#### [What is needed]
What you give back from the listing below should be an exact copy of the lines from the one with "Trang 14 - Chap 153" down to the one with "Jan Loechel - Brand", and it should contain no pictures.

#### [Raw data]
+ + + +

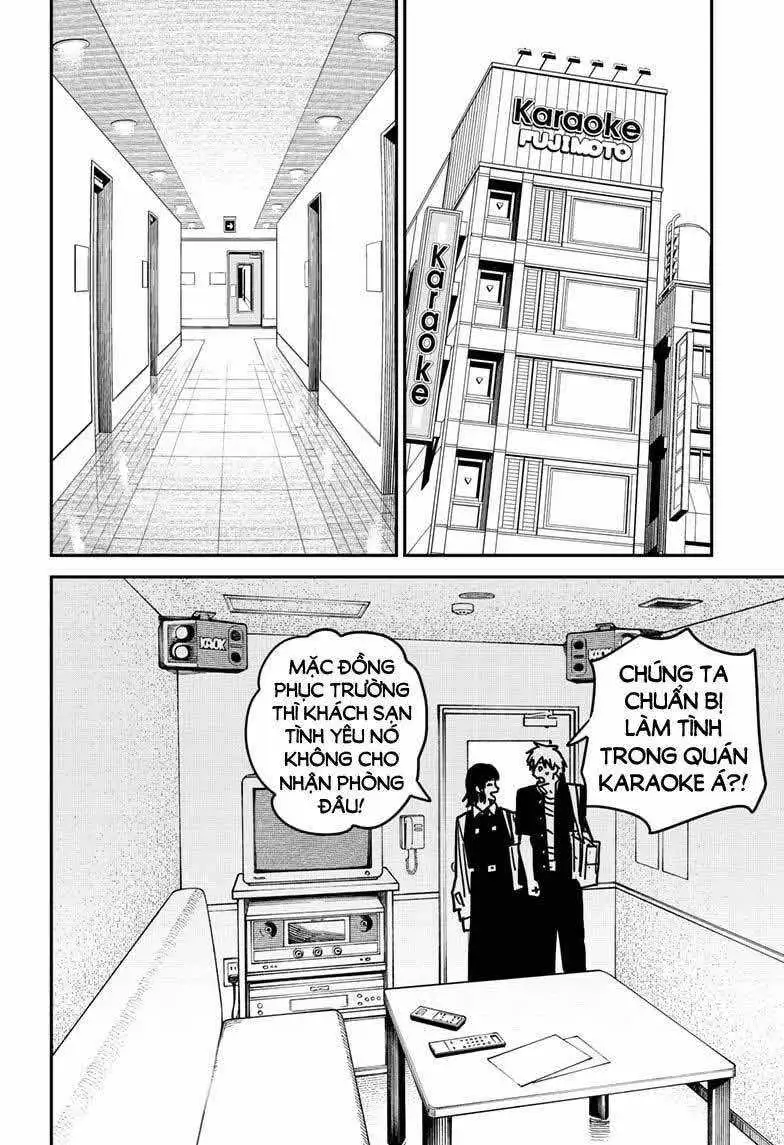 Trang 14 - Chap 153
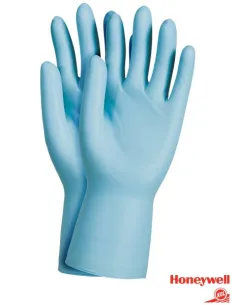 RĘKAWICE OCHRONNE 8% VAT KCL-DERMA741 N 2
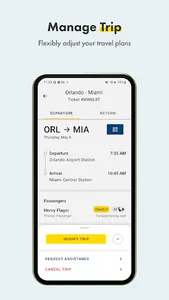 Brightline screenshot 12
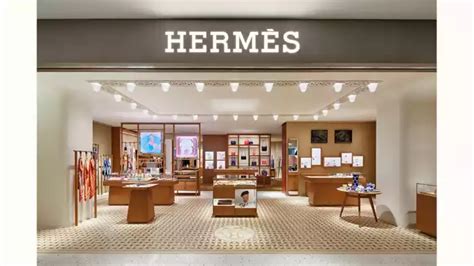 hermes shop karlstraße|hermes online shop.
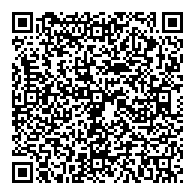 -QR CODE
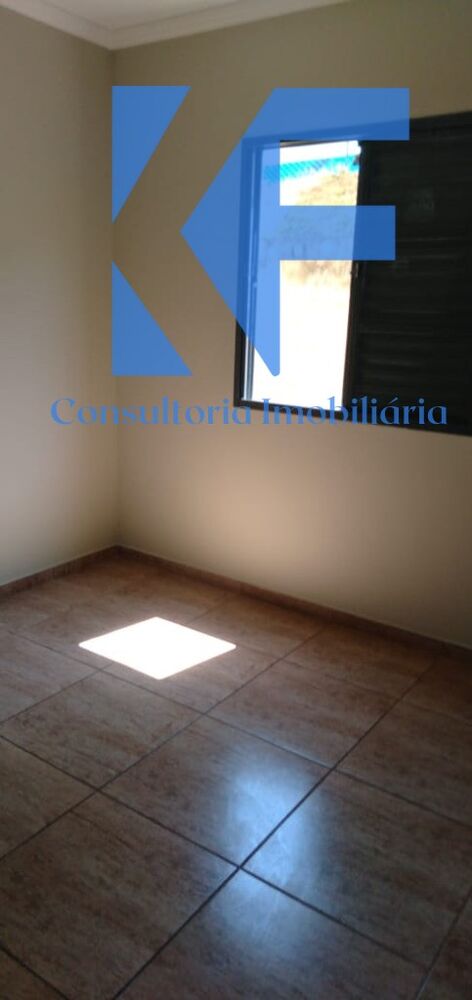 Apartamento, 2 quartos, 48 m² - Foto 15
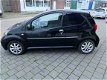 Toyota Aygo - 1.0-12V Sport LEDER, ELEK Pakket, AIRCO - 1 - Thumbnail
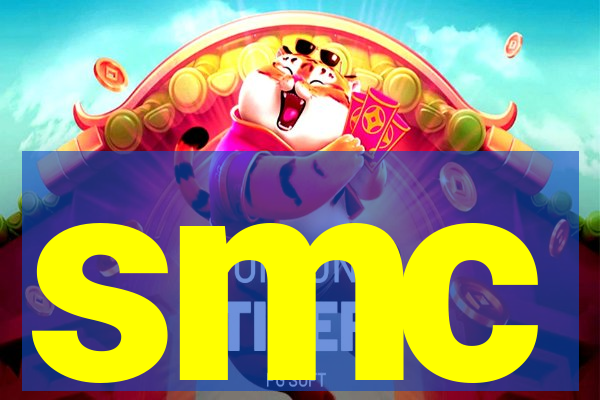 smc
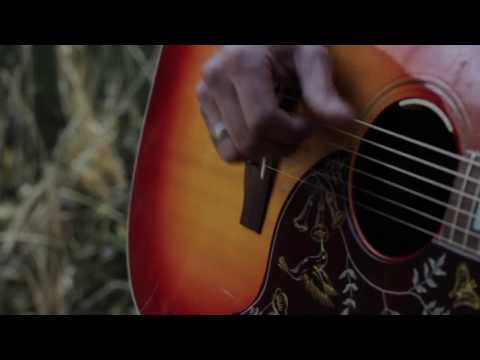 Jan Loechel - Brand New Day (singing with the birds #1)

+ + + +

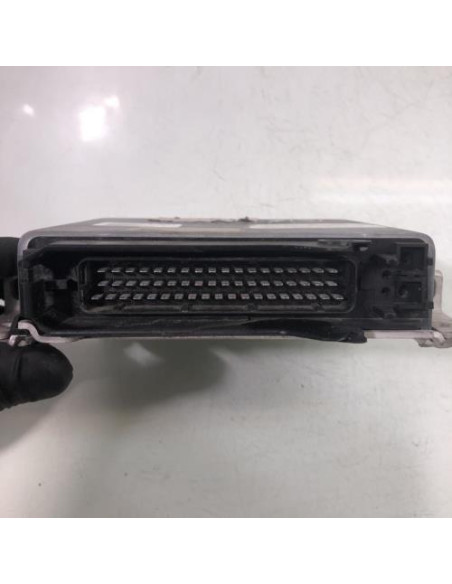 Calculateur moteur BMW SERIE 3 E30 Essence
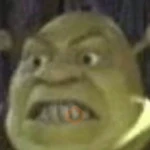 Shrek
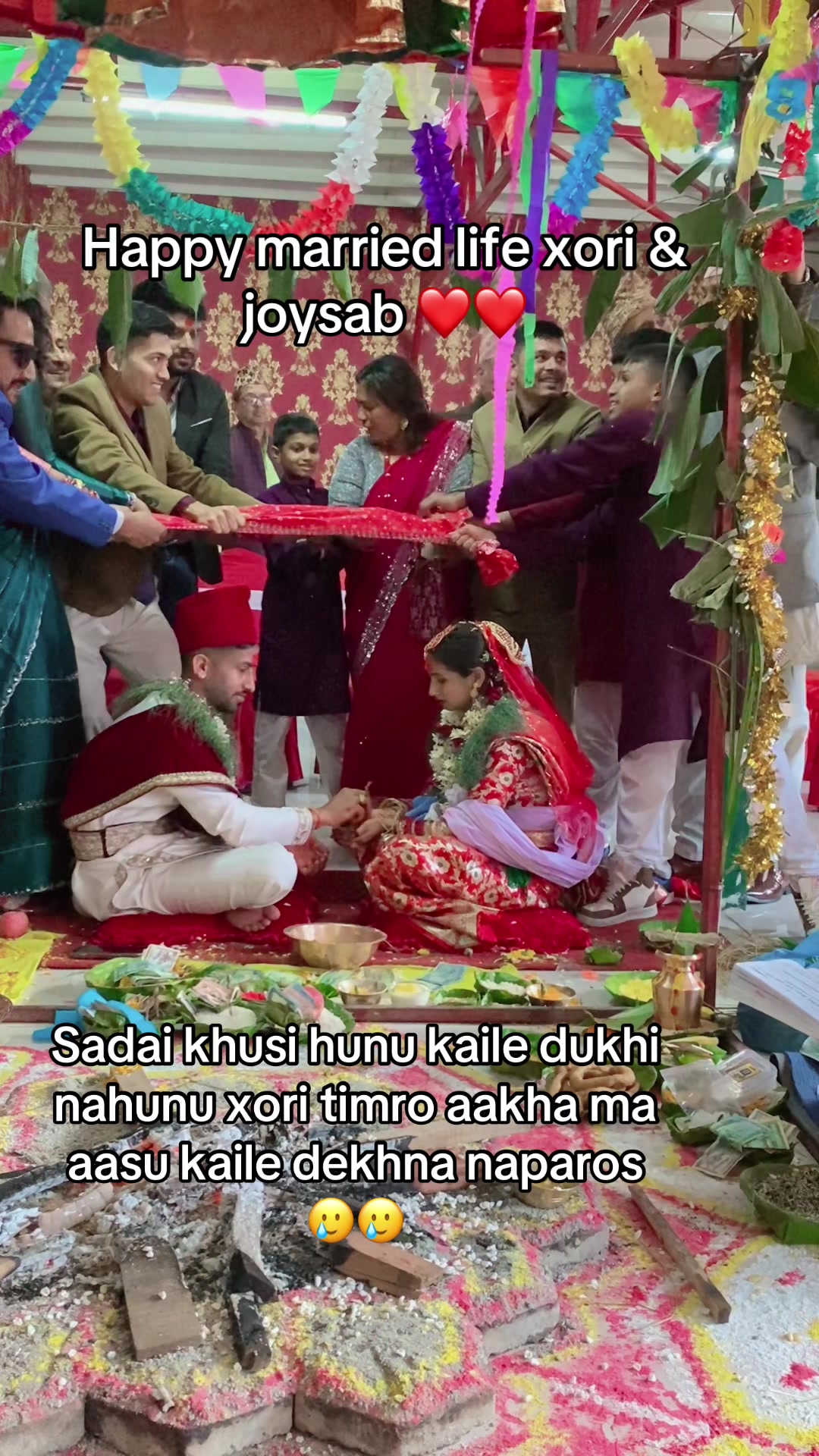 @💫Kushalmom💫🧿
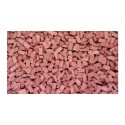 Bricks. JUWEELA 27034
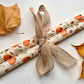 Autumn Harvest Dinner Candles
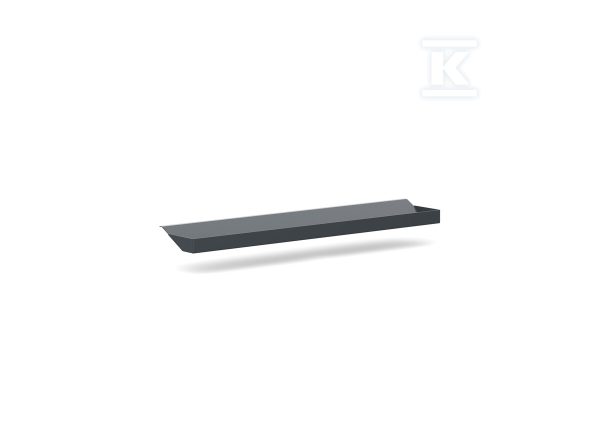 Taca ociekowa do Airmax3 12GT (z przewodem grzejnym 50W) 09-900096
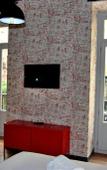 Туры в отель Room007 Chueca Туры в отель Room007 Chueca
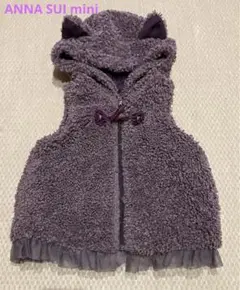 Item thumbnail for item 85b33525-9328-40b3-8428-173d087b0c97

+ + + +

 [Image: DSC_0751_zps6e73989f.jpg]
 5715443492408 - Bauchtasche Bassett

+ + + +

#### [Result of the task]
 Trang 14 - Chap 153
 RĘKAWICE OCHRONNE 8% VAT KCL-DERMA741 N 2
 Brightline screenshot 12
 hermes shop karlstraße|hermes online shop.
 -QR CODE
 Apartamento, 2 quartos, 48 m² - Foto 15
 Toyota Aygo - 1.0-12V Sport LEDER, ELEK Pakket, AIRCO - 1 - Thumbnail
 smc
 Jan Loechel - Brand New Day (singing with the birds #1)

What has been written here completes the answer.